No obstante, hay algo que las atraviesa todas ellas, la falta de pensamiento crítico, y que si bien no es una carencia exclusivamente española si es propiamente nuestra. La inexistente capacidad de superarse uno a sí mismo, de querer ponerse en el lugar del otro, de librarnos de la tendencia natural a someternos a la tribu, al caudillo, al permanente deseo de tirarnos en los brazos del linchamiento social, en definitiva, lo que autores como Søren Kierkegaard, Friedrich Nietzsche, Arthur Schopenhauer, Martin Heidegger o Jean-Paul Sartre, entre otros, señalaron al enfatizar la importancia de vivir de acuerdo con nuestros propios valores y creencias en lugar de seguir ciegamente las instrucciones, percepciones e ideas del gran dictador, la masa. En definitiva, a ser libres de los demás pero también de nosotros mismos.
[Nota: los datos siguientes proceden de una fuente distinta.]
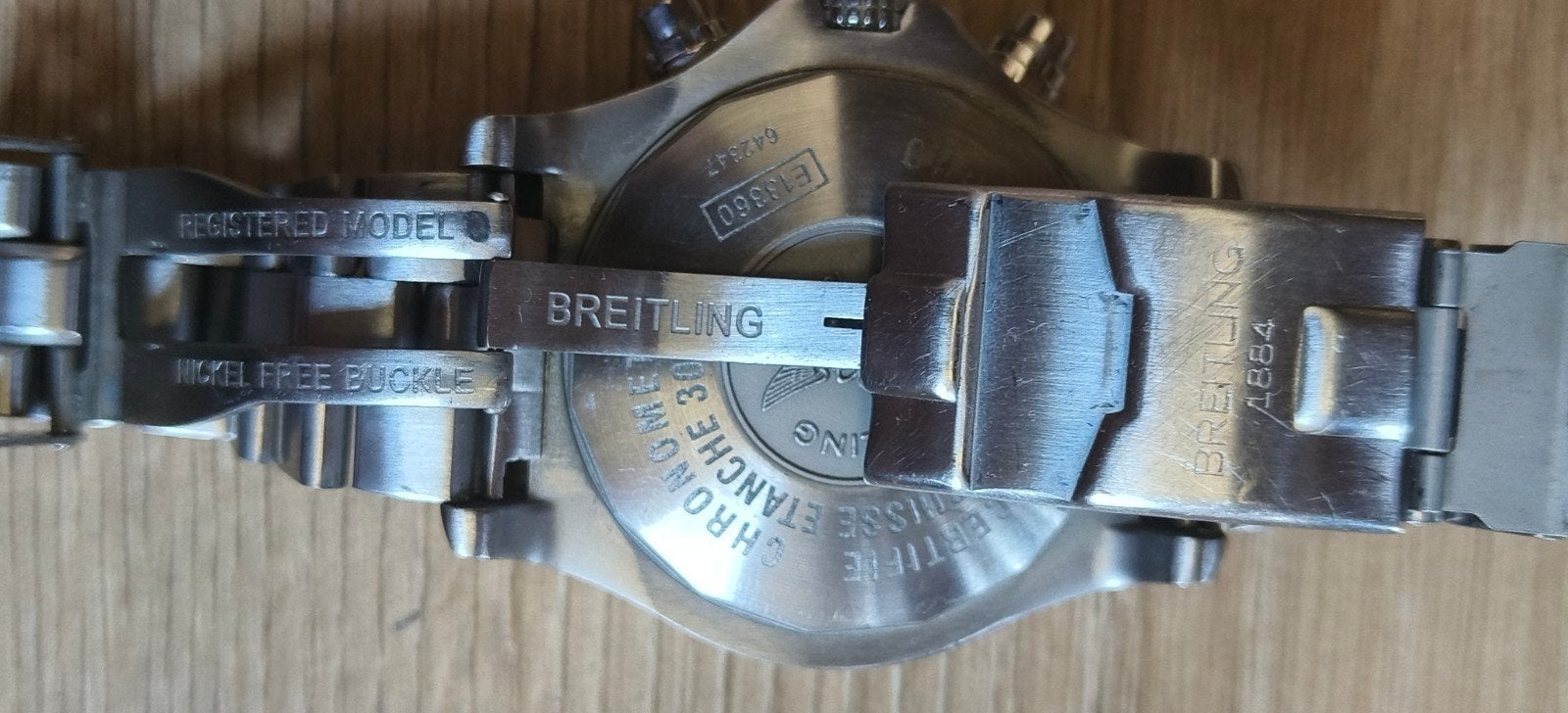 Imitatie Breitling horloge - Goedwerkend, Overige merken, Staal, Gebruikt, Staal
De esta tradición tan propiamente hispana tenemos nutrida bibliografía cultural, como el legado de Goya en la serie de Pinturas Negras, que ya en 1820, nos avisaba en el “Duelo a garrotazos”, de la tendencia fratricida de nuestros ancestros. Igual que Antonio Machado quien un siglo más tarde, en “Campos de Castilla”, nos describía con estos versos “De diez cabezas, nueve embisten y una piensa. Nunca extrañéis que un bruto se descuerne luchando por una idea”. Mas recientemente, Jaime Gil de Biedma, en “Apología y Petición” puso en unos versos tan bellos como dolorosos lo que todos ya sabíamos y es que “De todas las historias de la Historia la más triste sin duda es la de España, porque termina mal”. ¿O acaso pensamos que cuatro guerras civiles en apenas 100 años se pueden explicar de otra manera?, me temo que no. Parece, por tanto, que lo nuestro es más cultural que otra cosa, ese espíritu socializante tan cultivado, donde la independencia intelectual o el triunfo personal está tan mal visto, la envidia, la humildad mal entendida, el qué dirán, el caciquismo. Todos los caminos nos llevan al mismo sitio, en España se entierra muy bien. La nuestra es una tragedia cultural.
Mucho de esto saben los asesores áulicos del Gobierno, empeñado en cultivar los más bajos instintos, las emociones más retrógradas y los motivos más falaces para ver si desentierran las raíces atávicas y animalizantes de lo nuestro, nada lo es más que la manada. Tanto lo saben que lo proyectan, hasta le han dado nombre, “La máquina del fango”, dicen los necios a sabiendas que sus soflamas caen en tierra abonada, todo les delata.